2nd Sunday of Advent 12-10-17
Our Gospel reading is the opening 8 verses of Mark’s Gospel. Mark chooses to begin with a quotation from Isaiah, chapter 40. Mark clearly has chosen carefully, and we need to understand why he uses Isaiah and how he uses the images in it.
Chapters 40 to 55 of the book of Isaiah are referred to as the “Book of Consolation of Israel.” Israel was overrun by the Babylonian army some 500 years before Christ. It is a story of great shame and loss. Jerusalem was destroyed, the temple looted and burned to the ground. The people were captured and taken from their homeland into exile. According to Isaiah, the refusal of the Israelites to follow God’s laws, and their unwillingness to obey God was the reason for this great tragedy. But now the Israelites are being forgiven by God, and they will be granted their long-awaited freedom and return to rebuild their homeland.
It is a time of reconciliation. Isaiah is told to speak tenderly to the Israelites, or literally to “speak to their hearts”. The expression is very maternal- suggesting that Jerusalem is the “mother city”, and the people are children returning to a mother’s love. Although their punishment was severe, the Lord is returning to their midst, and the Lord should be welcomed as a great and majestic King. The people will restore the road for God’s arrival, as God will restore his people. Once again the Glory of the Lord will be in the temple, and the people will know God’s presence. It is a level of joy only known to people who have suffered great losses and held against their will.
Purification was historically a big issue for the Jews. Ritual bathing was required after breaking any of a long list of laws before one could worship God again. In a land of deserts and limited access to water, washing took on a significance that is unfamiliar to us. Jewish tradition has it that Adam stood in the Jordan River for 40 days after he ate the fruit which was forbidden. The prophet Elisha had Naaman wash 7 times in the Jordan River to heal his leprosy. Traditionally, any one converting to the Jewish faith must do ritualized bathing in water. This constitutes a rebirth, and brings purity “like that of a child just born”. Sound familiar? The Essenes (the Desert Fathers), of all people, were baptized each morning!

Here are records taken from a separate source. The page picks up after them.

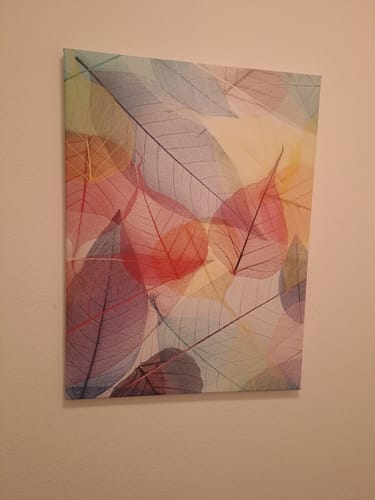 Customer photo review of Leinwandbild | Bunte Blätter | Hochformat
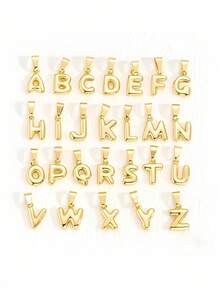 MECYLIFE 1件平價迷你泡泡字母字母項鍊 女款姓名項鍊 日常佩戴飾品 - 迷你氣泡字母 - 查看 6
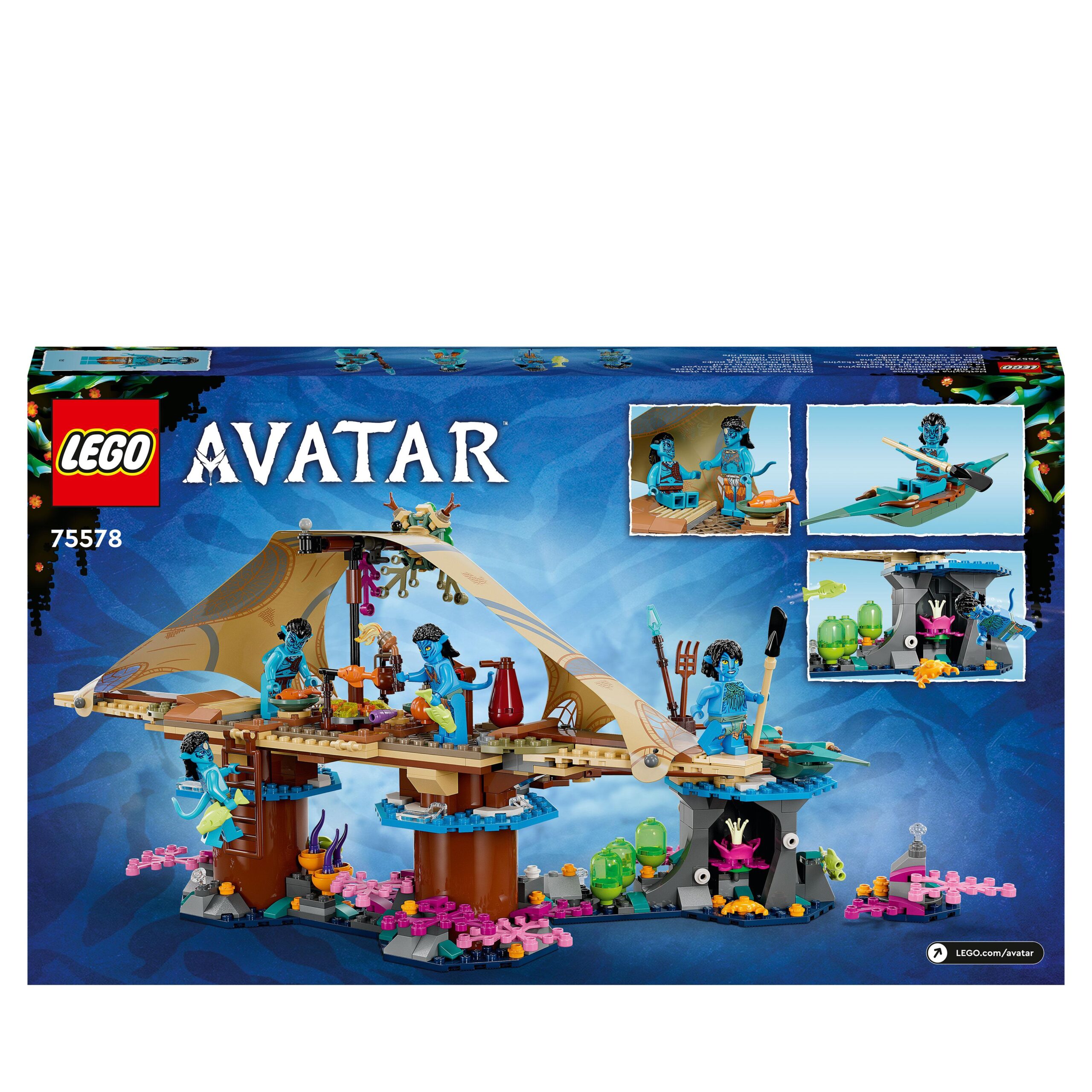 LEGO Avatar 75578 La Casa Corallina di Metkayina, Villaggio di Pandora - LEGO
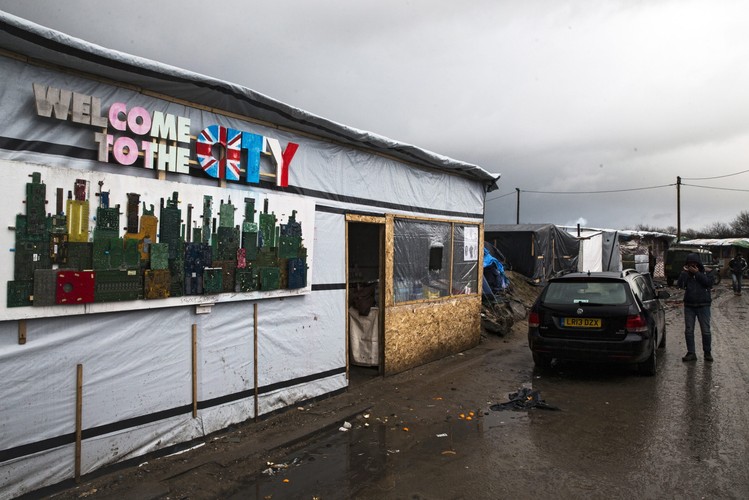 Obóz dla uchodźców w Calais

So Mark is using Isaiah, the Prophet of all Prophets, to announce that Jesus, the long awaited Messiah, is coming to restore his people. It is obvious that John is the voice crying out, literally, in the desert. Mark knows that it has been some 300 years since Israel has had a prophet of God in their midst. John the Baptist looks and talks and preaches like an old-time prophet. John presses the people to repent of their sins and be right with God. Instead of preparing the road for the king, John was preparing the people’s hearts for the King. The Psalmist says it with poetic grace: Justice (John) shall walk before (the Lord), and prepare the way of his steps.
What was the attraction to John? It wasn’t the wardrobe. I think that we all are looking for second chances. We all, to some degree, carry around a burden of regrets for some of the choices we have make and the selfish acts we commit. We all have a little part of us that relates to the Israelites who thought they were smarter than God and ended up being homeless captives in Babylon. We find John in a scene stripped of the liturgical niceties; just a man in camel skins, in the barren land, next to a muddy river, providing what the people needed. Their religious leaders at the Temple were too busy with finances and politics. So the people from the countryside and people from the city of Jerusalem were streaming out to John. No vestments, no holy orders, no stained glass windows, nothing but raw confrontation of sinfulness and the urgent desire for forgiveness and inner peace.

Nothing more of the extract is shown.